A fervura subiu no ninho tucano de Mato Grosso do Sul. Em um movimento de clara autodefesa eleitoral, os vereadores Silvio Pitú, Flávio Cabo Almi e Dr. Victor Rocha bateram o pé e deram um ultimato à cúpula do PSDB. O alvo da rebelião é a permanência do deputado estadual Pedro Caravina na sigla. Nos bastidores, o cálculo é puramente matemático e de sobrevivência: os parlamentares temem que o peso eleitoral de Caravina atropele as chances de quem busca ascender à Assembleia Legislativa (Alems).
O plano estratégico do partido para a próxima legislatura foca na reeleição de Jamilson Name e Lia Nogueira, apostando em Name como o grande puxador de votos da chapa. Com a chegada de Paulo Duarte, vindo do PSB para tentar a reeleição, restaria apenas uma vaga viável no quarteto planejado pelo PSDB. É justamente neste funil que os vereadores se veem ameaçados pela força de Caravina. A pressão surtiu efeito no desenho das bancadas: enquanto Mara Caseiro, Zé Teixeira e Paulo Corrêa caminham para o PL, Caravina deve seguir para o PP, selando o destino de um PSDB que tenta se equilibrar para não perder ainda mais espaço.

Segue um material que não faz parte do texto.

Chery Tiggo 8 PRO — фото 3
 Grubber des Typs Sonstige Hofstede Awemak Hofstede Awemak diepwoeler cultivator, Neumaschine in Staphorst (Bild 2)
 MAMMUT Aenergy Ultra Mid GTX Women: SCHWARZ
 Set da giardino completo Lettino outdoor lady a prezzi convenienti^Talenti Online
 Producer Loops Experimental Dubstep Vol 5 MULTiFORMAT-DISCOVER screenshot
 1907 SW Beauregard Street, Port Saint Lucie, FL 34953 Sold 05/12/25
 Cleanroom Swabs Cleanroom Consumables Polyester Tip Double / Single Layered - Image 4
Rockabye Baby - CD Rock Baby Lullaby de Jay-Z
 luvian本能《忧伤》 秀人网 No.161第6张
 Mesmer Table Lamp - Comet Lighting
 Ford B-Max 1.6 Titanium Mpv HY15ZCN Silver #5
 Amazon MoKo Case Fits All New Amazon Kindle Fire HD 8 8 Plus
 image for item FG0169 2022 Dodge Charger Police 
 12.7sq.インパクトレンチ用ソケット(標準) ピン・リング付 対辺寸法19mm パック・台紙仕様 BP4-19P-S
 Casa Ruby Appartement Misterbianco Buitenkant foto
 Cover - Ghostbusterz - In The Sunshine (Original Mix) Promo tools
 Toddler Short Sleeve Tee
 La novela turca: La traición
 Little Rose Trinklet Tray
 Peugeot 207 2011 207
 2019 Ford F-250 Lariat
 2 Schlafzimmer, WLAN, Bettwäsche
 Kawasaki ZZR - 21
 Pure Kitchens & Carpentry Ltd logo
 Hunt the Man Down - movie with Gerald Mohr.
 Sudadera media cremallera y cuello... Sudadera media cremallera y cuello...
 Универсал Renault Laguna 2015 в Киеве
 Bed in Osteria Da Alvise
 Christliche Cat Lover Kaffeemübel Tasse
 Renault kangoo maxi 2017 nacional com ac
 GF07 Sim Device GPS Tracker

Apesar do clima de “lista de extinção” que rondava a legenda, o PSDB ganhou uma sobrevida inesperada nos últimos dias. O anúncio da permanência dos deputados federais Dagoberto Nogueira e Geraldo Resende, somado à decisão de Jamilson Name e Lia Nogueira de seguirem no ninho, interrompeu a previsão de uma debandada geral durante a janela partidária. Na Câmara Federal, a meta é garantir as cadeiras de Dagoberto e Geraldo, mesmo com a saída de Beto Pereira para o Republicanos.
O cenário atual é de reconstrução forçada para uma sigla que, até 2024, dominava o mapa político de Mato Grosso do Sul. Após perder o governador Eduardo Riedel para o PP, o ex-governador Reinaldo Azambuja para o PL e a maioria de seus 44 prefeitos, o PSDB agora joga todas as suas fichas na montagem de chapas que garantam o mínimo de relevância parlamentar. Como definiu Dagoberto Nogueira, o rumo das negociações mudou, mas o desafio de manter a relevância de um partido que já foi gigante no Estado continua sendo uma prova de fogo para seus atuais caciques.